KEN LAYNE REFLECTS:
The flags went up, of course, but it was especially pleasant to see the flags go up in my immigrant-heavy neighborhood of Armenians, Filipinos, Central Americans, Middle Easterners and Russians. I had never thought much about displaying a flag, and after the terrorist attacks I was much more worried about my beat-up old revolver and its 15-year-old ammunition. But I recall driving through the neighborhood a few days later and seeing all those flags sprouting from car windows and front lawns and apartment balconies. There was a grim-faced middle-aged black guy getting out of a mechanic’s pickup down the block, and as I drove slowly up the street I saw his American flag on the ladder rack, and he looked at me and waved and gave a little nod and it would’ve been laughable in a John Cougar Mellencamp video from the 1980s. But I just started weeping like a jackass. . . .

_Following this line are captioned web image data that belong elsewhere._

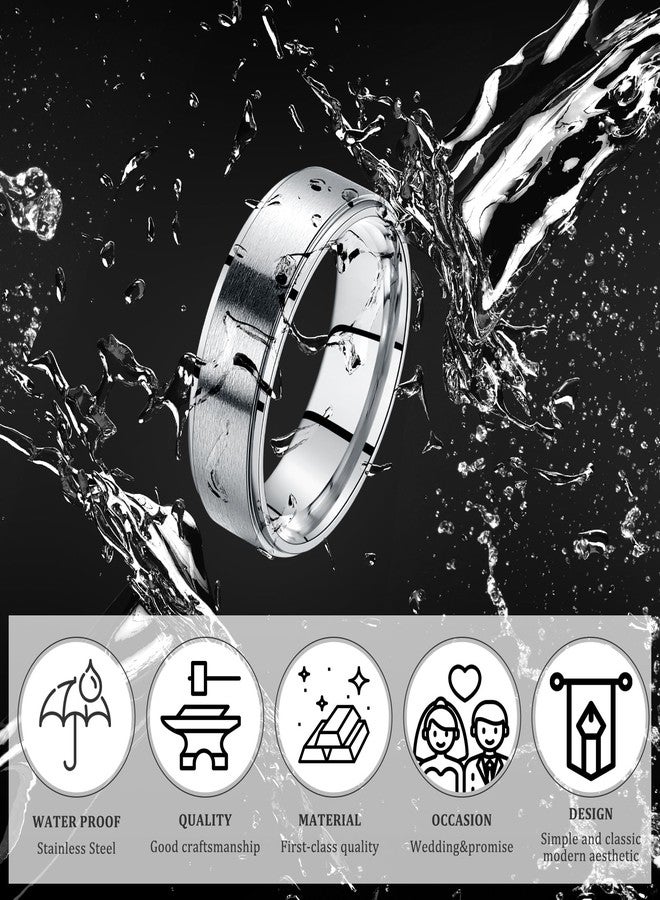 Corato 3PCS Stainless Steel Rings for Men, 8MM Titanium Rings for Men, Black Gold Silver Mens Wedding Band Set, Grooved Center Matte Brushed Finish Polished Ring Comfort Fit 10 - Image 4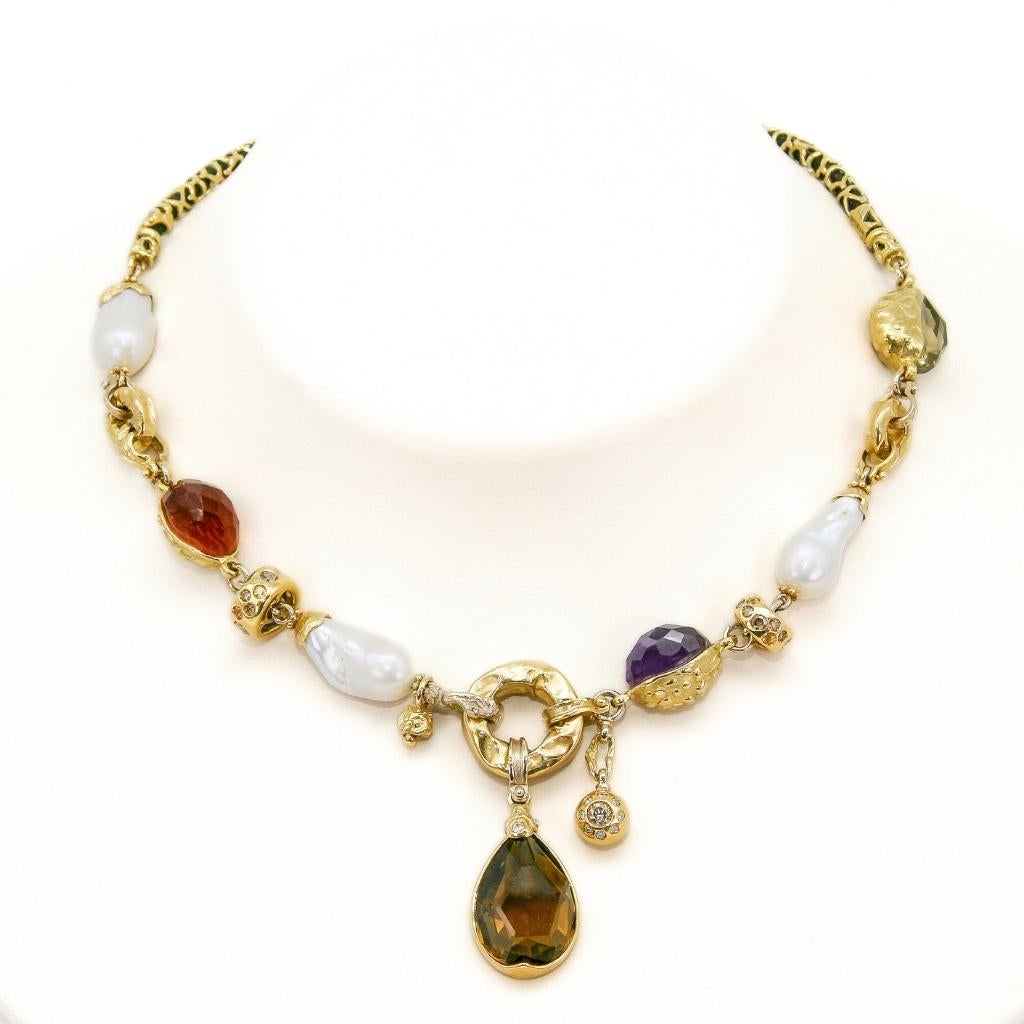 Misani necklace in gold with pearls and differents quartz For Sale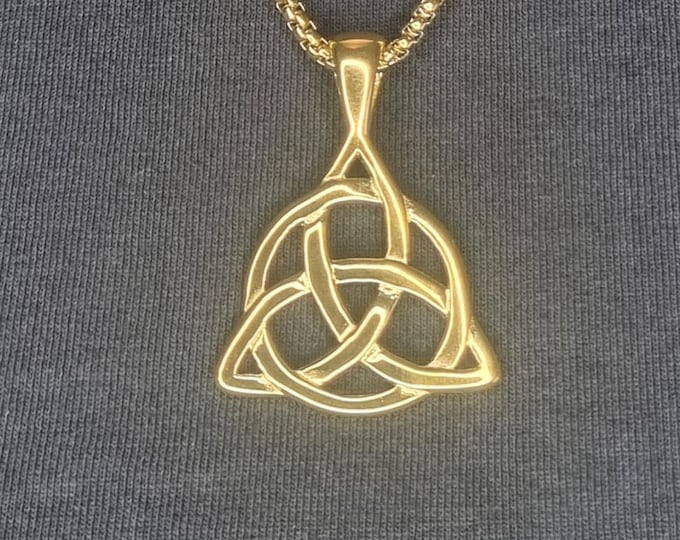 Stainless Steel Celtic Knot Necklace - Irish Triquetra Pendant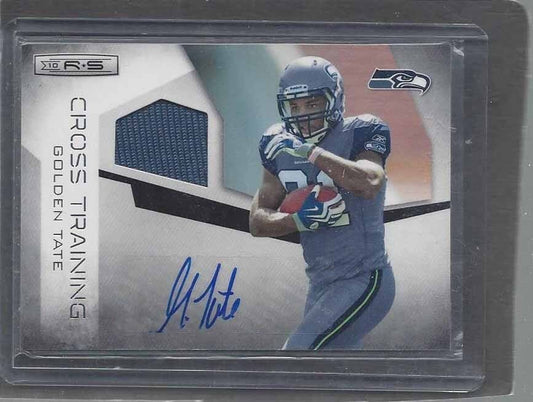 GOLDEN TATE 2010 ROOKIES & STARS CROSS TRAINING ROOKIE JERSEY AUTO RC #D 17/25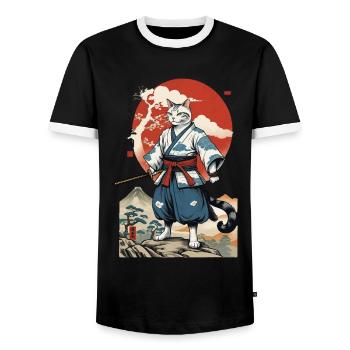 Samurai Cat Vintage Ukiyo-E Japanese - Men's Ringer Shirt - black/white - Front - AI Model Female 172 light (172cm) & AI Model Male 178 light (178cm)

I learned more than a few things, especially about this country I call home. Like spending a year abroad in some hellhole little nation, Sept. 11 made all the American stuff I take for granted seem shiny and new. (If you’ve lived abroad, you know what it’s like to come home and see how goddamned great this nation can be.)
Why isn’t Ken Layne writing for the New York Times, instead of, well, pretty much all the people who actually are writing for the New York Times? Yeah, I know.